*** Opening of Task data ***

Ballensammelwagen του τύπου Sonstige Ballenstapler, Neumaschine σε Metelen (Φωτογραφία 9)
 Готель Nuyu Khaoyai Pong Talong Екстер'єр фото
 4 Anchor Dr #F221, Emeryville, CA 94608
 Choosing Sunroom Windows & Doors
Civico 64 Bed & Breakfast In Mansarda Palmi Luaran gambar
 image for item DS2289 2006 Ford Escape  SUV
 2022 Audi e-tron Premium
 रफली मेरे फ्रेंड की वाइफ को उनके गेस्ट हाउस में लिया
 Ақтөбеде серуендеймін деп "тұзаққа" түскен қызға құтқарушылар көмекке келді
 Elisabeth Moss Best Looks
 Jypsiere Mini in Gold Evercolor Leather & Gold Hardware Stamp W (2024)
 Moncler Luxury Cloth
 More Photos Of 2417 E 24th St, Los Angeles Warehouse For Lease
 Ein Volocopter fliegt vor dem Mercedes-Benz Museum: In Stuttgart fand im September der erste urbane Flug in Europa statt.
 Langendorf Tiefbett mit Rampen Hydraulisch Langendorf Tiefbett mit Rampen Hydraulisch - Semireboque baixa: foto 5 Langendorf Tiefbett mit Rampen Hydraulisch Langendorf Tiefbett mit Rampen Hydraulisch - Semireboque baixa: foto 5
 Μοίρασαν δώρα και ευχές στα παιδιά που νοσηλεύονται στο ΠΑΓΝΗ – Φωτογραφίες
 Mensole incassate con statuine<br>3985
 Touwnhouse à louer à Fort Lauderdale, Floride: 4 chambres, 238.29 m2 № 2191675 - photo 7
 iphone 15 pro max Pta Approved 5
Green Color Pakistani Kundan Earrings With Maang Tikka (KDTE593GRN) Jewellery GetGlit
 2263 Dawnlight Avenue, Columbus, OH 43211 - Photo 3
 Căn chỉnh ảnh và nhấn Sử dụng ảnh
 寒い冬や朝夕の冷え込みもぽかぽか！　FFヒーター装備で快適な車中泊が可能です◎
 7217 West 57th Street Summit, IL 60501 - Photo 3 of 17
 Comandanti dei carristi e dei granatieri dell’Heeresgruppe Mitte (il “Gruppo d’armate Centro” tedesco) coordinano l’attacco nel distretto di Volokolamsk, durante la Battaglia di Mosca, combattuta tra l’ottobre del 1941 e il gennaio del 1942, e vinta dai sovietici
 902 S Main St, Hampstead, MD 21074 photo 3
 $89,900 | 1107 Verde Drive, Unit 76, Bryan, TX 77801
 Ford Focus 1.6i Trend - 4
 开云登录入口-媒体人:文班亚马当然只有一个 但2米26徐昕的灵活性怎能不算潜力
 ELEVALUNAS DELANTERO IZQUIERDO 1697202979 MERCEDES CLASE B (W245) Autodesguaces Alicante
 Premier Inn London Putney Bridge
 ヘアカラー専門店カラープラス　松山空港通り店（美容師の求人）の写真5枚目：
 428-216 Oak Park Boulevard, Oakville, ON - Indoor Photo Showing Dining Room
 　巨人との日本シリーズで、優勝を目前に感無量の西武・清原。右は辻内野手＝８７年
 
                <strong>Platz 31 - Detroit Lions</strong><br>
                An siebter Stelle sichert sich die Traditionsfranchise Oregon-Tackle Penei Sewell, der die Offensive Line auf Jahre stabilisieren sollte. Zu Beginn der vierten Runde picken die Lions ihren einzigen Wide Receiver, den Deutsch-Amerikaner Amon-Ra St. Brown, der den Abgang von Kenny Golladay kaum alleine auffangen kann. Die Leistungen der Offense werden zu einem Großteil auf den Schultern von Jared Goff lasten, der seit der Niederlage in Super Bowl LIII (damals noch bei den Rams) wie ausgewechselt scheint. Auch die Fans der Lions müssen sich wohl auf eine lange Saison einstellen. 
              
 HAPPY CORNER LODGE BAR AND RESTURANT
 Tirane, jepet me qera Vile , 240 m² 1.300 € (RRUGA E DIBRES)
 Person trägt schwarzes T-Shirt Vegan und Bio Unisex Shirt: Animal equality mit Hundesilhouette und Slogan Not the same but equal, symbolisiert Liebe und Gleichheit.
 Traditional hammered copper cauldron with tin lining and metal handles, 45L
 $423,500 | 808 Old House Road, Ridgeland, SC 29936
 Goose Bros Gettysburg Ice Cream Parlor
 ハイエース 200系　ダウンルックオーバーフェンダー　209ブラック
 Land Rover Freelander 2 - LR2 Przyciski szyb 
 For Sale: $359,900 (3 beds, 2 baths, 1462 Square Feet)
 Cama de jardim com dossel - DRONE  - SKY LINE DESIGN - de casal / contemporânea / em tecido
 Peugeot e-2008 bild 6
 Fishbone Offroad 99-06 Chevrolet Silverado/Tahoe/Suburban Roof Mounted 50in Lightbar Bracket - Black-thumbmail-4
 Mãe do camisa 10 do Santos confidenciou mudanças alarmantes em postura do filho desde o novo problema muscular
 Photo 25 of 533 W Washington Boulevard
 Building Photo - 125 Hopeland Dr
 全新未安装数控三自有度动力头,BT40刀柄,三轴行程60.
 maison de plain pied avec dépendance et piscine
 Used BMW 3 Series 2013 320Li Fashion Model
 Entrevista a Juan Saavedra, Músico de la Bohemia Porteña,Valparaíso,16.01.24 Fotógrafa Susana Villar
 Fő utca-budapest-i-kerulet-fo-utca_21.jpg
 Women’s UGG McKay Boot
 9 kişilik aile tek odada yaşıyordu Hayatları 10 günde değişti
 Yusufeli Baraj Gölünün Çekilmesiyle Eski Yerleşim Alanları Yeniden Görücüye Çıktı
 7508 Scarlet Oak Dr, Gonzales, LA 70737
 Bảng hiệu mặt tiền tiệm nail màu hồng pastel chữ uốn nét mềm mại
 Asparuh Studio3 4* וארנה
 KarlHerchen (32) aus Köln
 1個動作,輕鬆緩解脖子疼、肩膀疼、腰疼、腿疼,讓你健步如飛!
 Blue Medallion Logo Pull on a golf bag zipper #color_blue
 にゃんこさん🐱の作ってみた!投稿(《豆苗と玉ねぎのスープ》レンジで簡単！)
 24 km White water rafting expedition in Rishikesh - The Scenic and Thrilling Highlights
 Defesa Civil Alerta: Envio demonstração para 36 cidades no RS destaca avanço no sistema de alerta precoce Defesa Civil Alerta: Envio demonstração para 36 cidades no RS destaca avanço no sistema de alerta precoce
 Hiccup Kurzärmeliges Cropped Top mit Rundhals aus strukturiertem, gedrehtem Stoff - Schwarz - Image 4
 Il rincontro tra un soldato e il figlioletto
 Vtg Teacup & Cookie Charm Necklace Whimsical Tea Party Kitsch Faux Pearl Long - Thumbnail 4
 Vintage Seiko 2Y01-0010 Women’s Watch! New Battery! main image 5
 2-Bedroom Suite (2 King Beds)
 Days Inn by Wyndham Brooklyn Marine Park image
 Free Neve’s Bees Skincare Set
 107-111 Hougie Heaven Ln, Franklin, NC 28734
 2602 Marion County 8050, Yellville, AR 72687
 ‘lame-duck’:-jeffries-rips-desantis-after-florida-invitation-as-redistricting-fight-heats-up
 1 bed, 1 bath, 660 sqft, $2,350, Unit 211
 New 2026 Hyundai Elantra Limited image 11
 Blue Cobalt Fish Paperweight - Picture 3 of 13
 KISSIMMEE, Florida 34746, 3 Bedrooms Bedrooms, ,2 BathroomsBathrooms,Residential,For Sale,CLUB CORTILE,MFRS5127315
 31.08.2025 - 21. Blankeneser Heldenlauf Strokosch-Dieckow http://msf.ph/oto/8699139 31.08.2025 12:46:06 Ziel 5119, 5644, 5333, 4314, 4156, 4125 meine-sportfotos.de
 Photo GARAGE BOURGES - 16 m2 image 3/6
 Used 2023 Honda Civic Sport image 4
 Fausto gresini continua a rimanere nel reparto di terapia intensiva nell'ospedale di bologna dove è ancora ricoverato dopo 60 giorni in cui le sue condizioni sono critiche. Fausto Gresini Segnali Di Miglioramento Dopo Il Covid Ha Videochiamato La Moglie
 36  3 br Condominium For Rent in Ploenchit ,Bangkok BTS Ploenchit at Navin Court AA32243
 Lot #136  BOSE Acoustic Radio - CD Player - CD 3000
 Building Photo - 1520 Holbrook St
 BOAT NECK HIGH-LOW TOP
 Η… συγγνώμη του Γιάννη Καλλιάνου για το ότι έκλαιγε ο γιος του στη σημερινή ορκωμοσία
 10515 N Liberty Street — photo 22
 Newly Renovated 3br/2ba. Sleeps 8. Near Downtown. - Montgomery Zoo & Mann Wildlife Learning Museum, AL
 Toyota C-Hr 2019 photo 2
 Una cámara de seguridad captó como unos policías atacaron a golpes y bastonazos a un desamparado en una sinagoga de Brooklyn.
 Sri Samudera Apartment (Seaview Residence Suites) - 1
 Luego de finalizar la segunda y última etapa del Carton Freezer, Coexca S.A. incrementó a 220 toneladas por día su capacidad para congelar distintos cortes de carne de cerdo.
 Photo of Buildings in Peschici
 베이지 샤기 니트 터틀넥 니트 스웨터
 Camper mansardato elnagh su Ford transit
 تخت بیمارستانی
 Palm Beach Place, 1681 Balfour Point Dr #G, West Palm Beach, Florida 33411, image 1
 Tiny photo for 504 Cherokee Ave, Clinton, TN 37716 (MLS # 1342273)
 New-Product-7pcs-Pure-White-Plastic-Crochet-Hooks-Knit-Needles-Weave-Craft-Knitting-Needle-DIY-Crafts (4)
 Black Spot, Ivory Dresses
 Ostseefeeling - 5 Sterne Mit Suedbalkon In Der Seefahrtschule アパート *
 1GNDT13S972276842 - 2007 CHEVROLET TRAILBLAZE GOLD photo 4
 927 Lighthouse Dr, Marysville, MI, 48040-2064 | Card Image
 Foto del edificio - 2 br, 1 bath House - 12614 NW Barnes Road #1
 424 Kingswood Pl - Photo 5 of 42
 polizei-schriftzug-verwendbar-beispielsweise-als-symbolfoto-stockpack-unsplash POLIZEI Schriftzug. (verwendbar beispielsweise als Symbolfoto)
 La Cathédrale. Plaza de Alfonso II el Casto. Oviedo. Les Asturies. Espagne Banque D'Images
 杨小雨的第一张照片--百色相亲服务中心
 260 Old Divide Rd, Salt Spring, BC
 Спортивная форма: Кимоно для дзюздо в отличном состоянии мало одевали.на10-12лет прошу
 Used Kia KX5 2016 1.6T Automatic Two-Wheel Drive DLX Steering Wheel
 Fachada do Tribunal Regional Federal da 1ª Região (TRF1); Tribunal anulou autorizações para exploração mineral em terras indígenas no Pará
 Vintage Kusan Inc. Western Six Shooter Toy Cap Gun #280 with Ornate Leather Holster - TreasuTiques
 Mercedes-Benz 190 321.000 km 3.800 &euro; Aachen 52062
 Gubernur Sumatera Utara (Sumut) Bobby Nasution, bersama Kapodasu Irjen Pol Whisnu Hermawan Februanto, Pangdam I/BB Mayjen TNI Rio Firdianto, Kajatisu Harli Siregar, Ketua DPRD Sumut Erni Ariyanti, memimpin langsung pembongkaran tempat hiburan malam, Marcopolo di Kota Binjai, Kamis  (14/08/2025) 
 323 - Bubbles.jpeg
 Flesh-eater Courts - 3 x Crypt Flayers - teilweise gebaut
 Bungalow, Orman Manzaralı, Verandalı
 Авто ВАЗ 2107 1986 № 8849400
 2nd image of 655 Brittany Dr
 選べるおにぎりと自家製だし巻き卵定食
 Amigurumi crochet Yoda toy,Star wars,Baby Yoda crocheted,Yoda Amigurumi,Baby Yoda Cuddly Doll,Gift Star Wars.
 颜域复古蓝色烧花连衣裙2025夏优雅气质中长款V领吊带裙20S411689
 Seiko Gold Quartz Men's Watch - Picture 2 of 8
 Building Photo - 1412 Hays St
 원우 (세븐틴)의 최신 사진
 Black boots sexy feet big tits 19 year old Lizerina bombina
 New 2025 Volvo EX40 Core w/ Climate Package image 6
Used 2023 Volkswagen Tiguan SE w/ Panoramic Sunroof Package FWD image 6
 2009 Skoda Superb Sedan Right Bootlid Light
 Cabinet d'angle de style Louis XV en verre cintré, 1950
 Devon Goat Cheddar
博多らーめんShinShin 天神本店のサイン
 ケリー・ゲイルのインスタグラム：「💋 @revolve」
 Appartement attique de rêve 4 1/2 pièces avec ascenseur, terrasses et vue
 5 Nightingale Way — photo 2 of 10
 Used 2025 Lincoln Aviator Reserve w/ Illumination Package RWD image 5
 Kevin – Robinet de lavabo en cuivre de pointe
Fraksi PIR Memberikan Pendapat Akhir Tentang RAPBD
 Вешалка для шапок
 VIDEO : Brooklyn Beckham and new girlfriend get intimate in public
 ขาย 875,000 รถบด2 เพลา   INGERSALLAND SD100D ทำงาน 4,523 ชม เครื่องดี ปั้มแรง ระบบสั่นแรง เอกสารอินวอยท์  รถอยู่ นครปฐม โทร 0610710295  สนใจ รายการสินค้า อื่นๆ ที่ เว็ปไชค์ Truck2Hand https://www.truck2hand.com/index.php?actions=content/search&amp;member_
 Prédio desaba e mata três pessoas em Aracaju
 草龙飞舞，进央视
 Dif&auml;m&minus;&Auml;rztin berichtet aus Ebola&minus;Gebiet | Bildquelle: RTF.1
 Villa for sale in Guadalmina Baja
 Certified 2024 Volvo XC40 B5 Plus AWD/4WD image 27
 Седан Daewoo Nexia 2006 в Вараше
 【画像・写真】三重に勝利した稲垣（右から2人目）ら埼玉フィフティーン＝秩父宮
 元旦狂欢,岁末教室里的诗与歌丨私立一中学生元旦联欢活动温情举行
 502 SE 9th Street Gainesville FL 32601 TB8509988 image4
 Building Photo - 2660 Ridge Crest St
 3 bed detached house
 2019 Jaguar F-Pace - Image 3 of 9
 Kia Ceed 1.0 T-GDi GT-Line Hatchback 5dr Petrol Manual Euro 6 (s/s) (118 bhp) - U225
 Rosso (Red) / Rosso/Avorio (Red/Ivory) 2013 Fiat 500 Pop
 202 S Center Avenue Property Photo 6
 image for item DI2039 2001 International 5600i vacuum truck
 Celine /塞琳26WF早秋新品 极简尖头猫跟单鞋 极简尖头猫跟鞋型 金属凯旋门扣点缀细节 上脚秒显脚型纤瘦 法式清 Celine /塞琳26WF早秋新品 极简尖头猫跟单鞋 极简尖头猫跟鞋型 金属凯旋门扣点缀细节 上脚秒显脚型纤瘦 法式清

*** Close of Task data ***

◆ **Exercise**:
In the entries above, the lines between the one holding "Fishbone Offroad 99-06" and the one holding "Hiccup Kurzärmeliges Cropped", inclusive, are to be printed exactly as written, and those alone.

◆ **Result of this task**:
 Fishbone Offroad 99-06 Chevrolet Silverado/Tahoe/Suburban Roof Mounted 50in Lightbar Bracket - Black-thumbmail-4
 Mãe do camisa 10 do Santos confidenciou mudanças alarmantes em postura do filho desde o novo problema muscular
 Photo 25 of 533 W Washington Boulevard
 Building Photo - 125 Hopeland Dr
 全新未安装数控三自有度动力头,BT40刀柄,三轴行程60.
 maison de plain pied avec dépendance et piscine
 Used BMW 3 Series 2013 320Li Fashion Model
 Entrevista a Juan Saavedra, Músico de la Bohemia Porteña,Valparaíso,16.01.24 Fotógrafa Susana Villar
 Fő utca-budapest-i-kerulet-fo-utca_21.jpg
 Women’s UGG McKay Boot
 9 kişilik aile tek odada yaşıyordu Hayatları 10 günde değişti
 Yusufeli Baraj Gölünün Çekilmesiyle Eski Yerleşim Alanları Yeniden Görücüye Çıktı
 7508 Scarlet Oak Dr, Gonzales, LA 70737
 Bảng hiệu mặt tiền tiệm nail màu hồng pastel chữ uốn nét mềm mại
 Asparuh Studio3 4* וארנה
 KarlHerchen (32) aus Köln
 1個動作,輕鬆緩解脖子疼、肩膀疼、腰疼、腿疼,讓你健步如飛!
 Blue Medallion Logo Pull on a golf bag zipper #color_blue
 にゃんこさん🐱の作ってみた!投稿(《豆苗と玉ねぎのスープ》レンジで簡単！)
 24 km White water rafting expedition in Rishikesh - The Scenic and Thrilling Highlights
 Defesa Civil Alerta: Envio demonstração para 36 cidades no RS destaca avanço no sistema de alerta precoce Defesa Civil Alerta: Envio demonstração para 36 cidades no RS destaca avanço no sistema de alerta precoce
 Hiccup Kurzärmeliges Cropped Top mit Rundhals aus strukturiertem, gedrehtem Stoff - Schwarz - Image 4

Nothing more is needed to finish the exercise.